Crude Little Changed Amid Drop in U.S. Stockpiles
West Texas Intermediate crude was little changed as U.S. crude inventories dropped more than expected and economists forecast that the Federal Reserve will reduce stimulus measures.
Prices rose 2 cents. Supplies decreased 2.81 million barrels last week, the Energy Information Administration said, more than the 1.5 million estimated in a Bloomberg survey of analysts. Fed Chairman Ben S. Bernanke may trim $85 billion in monthly bond purchases at a September meeting of policy makers, 65 percent of economists in a separate Bloomberg survey said.
“The EIA report is supportive for prices because the drop is bigger than expected,” said Jason Schenker, president of Prestige Economics LLC, an Austin, Texas-based energy consultant. “Oil prices came under pressure ahead of the Fed meeting. Market participants may have exacerbated concerns regarding the Fed tapering.”
WTI for September delivery settled at $106.85 a barrel on the New York Mercantile Exchange. The volume of all futures traded was 4.2 percent above the 100-day average at 4:27 p.m. and open interest reached a record high yesterday. Futures were at $106.36 before the report was released at 10:30 a.m. in Washington.
Brent for September settlement gained 38 cents, or 0.3 percent, to end the session at $110.20 a barrel on the London-based ICE Futures Europe exchange. Volume was 3.3 percent below the 100-day average.
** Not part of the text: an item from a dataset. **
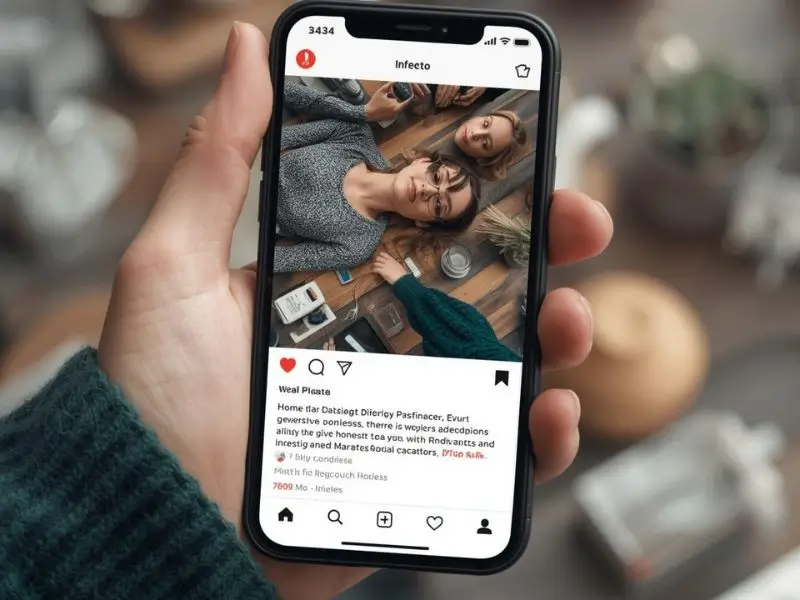 Redes Sociales Hispano Cámara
WTI’s discount to Brent grew to $3.35, the widest level since July 30.
Crude stockpiles fell 0.8 percent to 360.5 million barrels last week, the least since January, the EIA, the Energy Department’s statistical arm, said.
Stocks at Cushing, Oklahoma, the delivery point for WTI futures traded on the Nymex, declined for a sixth week to 38.5 million, the fewest since March 2012.
Supplies at the hub have been decreasing as improved pipeline networks and the use of rail links ease a supply glut created by rising production of crude from shale formations. Domestic production increased to 7.57 million barrels a day last week, the most since 1989.
“The drop in inventories is helpful for the market,” said Bill O’Grady, chief market strategist at Confluence Investment Management in St. Louis, which oversees $1.4 billion. “The market has a bullish tone.”
The Fed’s first step may be small, with monthly purchases tapered by $10 billion to a $75 billion pace, according to the median estimate in a survey of 48 economists conducted Aug. 9-13. The Fed will end the buying by mid-2014, they said. In a survey last month, half of economists predicted a Fed reduction at policy makers’ next scheduled meeting Sept. 17-18.
“The oil market started to pull back because people are anticipating Fed tapering,” said Phil Flynn, senior market analyst at the Price Futures Group in Chicago.
WTI fell as much as 1.2 percent in intraday trading as the EIA report also showed crude use at U.S. refineries dropped to the lowest level since June and petroleum consumption decreased.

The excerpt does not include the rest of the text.